The second official said the extra time might not be useful and could even limit the European Central Bank's room for manoeuvre with its emergency liquidity assistance for the Greek banks, which diminishes as Greek deposits flow out.
"The extra couple of weeks would not give the Greeks enough time to get any other money from anywhere else. In fact, it might make it less likely they will get borrowing room from the ECB," the second official said.
On Thursday eurozone deputy finance ministers will hold a teleconference to take stock of the progress in discussions, but no deal with Athens is expected by then.
"The Greek red lines are too rigid," the first official said.

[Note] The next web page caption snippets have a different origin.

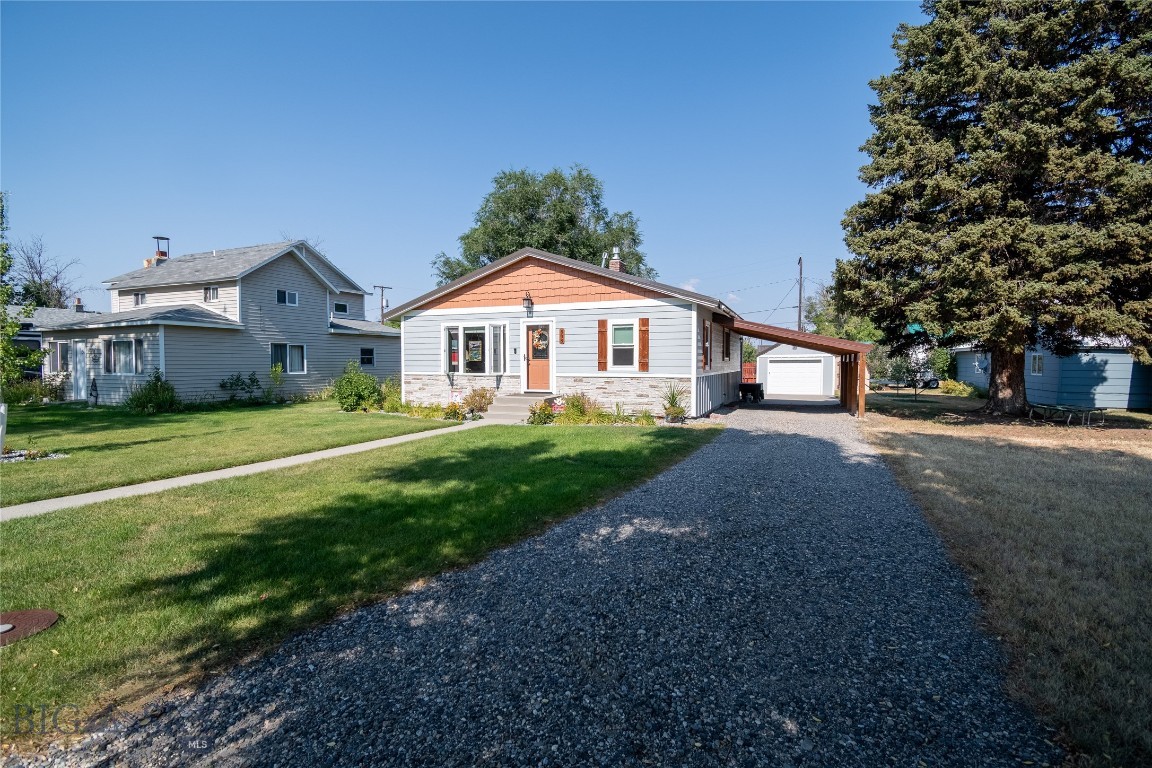 Other - Residential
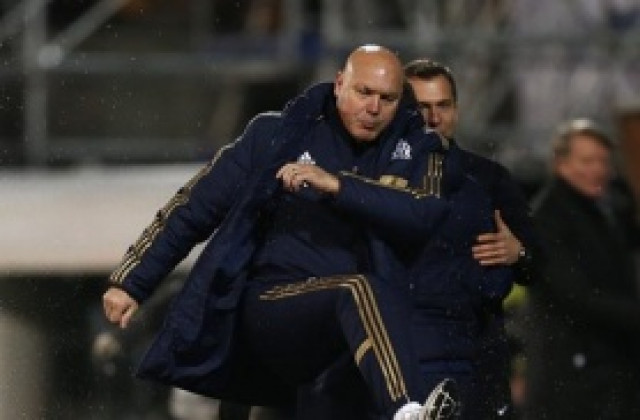 Ница излъга Марсилия като гост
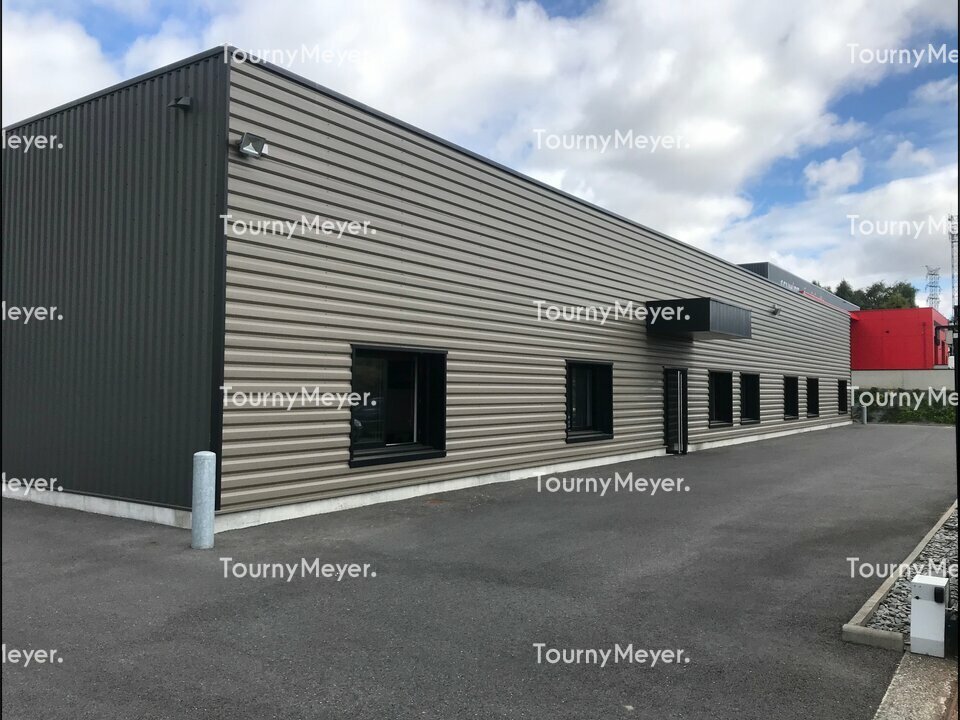 TOURNY MEYER RENNES LOCATION-LOCAL D'ACTIVITE-MELESSE-35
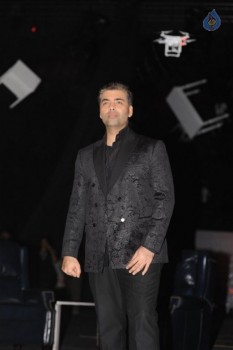 LFW 2015 Manish Malhotra Show 2 - 43 of 63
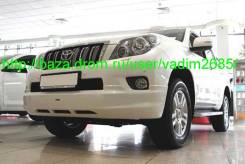Губа. Toyota Land Cruiser Prado, GDJ150L, GRJ151, GDJ150W, GRJ150, GRJ150L, KDJ150L, GRJ151W, TRJ150W. Под заказ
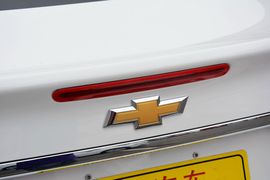 2016款雪佛兰科鲁兹1.5L手动精英版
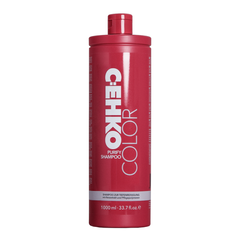 Шампунь глибокого очищення C:EHKO Color Purify Shampoo 1000 мл, цена | Фото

The main difficulty is for both sides to agree on the size of the primary surplus - the budget balance before debt servicing costs - that Greece should be running to make its debt sustainable.
Eurozone officials said they might agree to a surplus of 1.0-1.5 per cent of Greek gross domestic product - a far cry from the 4.5 per cent envisaged in the bailout programme signed by the previous Greek government.
"The Greeks say they are already there (at that surplus level), but we don't believe that. They are not yet there. There will have to be additional fiscal efforts in order to have such a primary surplus," the first official said.
Greece's creditors had hoped that a Greek Value Added Tax reform would help solve the problem. But it did not.
"What we saw was not exactly what had been promised. We got a steep reduction of the top VAT rate but still many exceptions left and the idea that cash payments and card payment would be treated differently - that's not going to work. There will have to be something else," the official said.